Missing data sources
At the other end of the spectrum are population characteristics like ethnicity and religion, which Tinsley says are not very well captured in much of the administrative data the ONS has access to.
For instance, the DfE collects detailed data on the ethnicity of schoolchildren within its school census, but this is "obviously only a small portion of the population" – the rest might have to be assessed through surveys.
Religion, meanwhile, could possibly be captured by proxy. "We're having conversations to find out if there are other sources of information that could at least correlate quite closely with it – so it might represent religion even if it doesn't capture religion."
The fallback option would be to use surveys, but Tinsley says this "is a bit limiting, in that – for the size of the survey we'd be looking at – we could probably produce good quality estimates down to local authority level" only.
Again, she says this is why it's crucial to have constant conversations with the users about what might be acceptable.
But time is of the essence. Although the major milestone – where the team's work will effectively be marked against the mostly online 2021 census – seems far away, if the government wants to switch to the alternative system after that, the smaller population surveys need to be operational from 2020.

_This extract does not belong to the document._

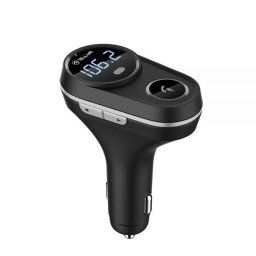 Modulator FM FMT-B5, bluetooth, microSD, 2 x USB 2.4A, microfon, negru
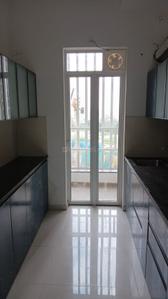 Kitchen Image of 1176 Sq.ft 3 BHK Apartment / Flat for rent in Runwal The Central Park, Chinchwad Pune for Rs. 46001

And with initial results from the first batch of field tests not due to be published until the end of the year, the pressure doesn't look like it'll be easing off. ®
* In 2007, the census team looked into having an income question but found that it would have had too detrimental an effect on the number of people who returned the survey. Although returning the census is mandatory, it's worth noting that – just like paying taxes – plenty of people decide not to do it.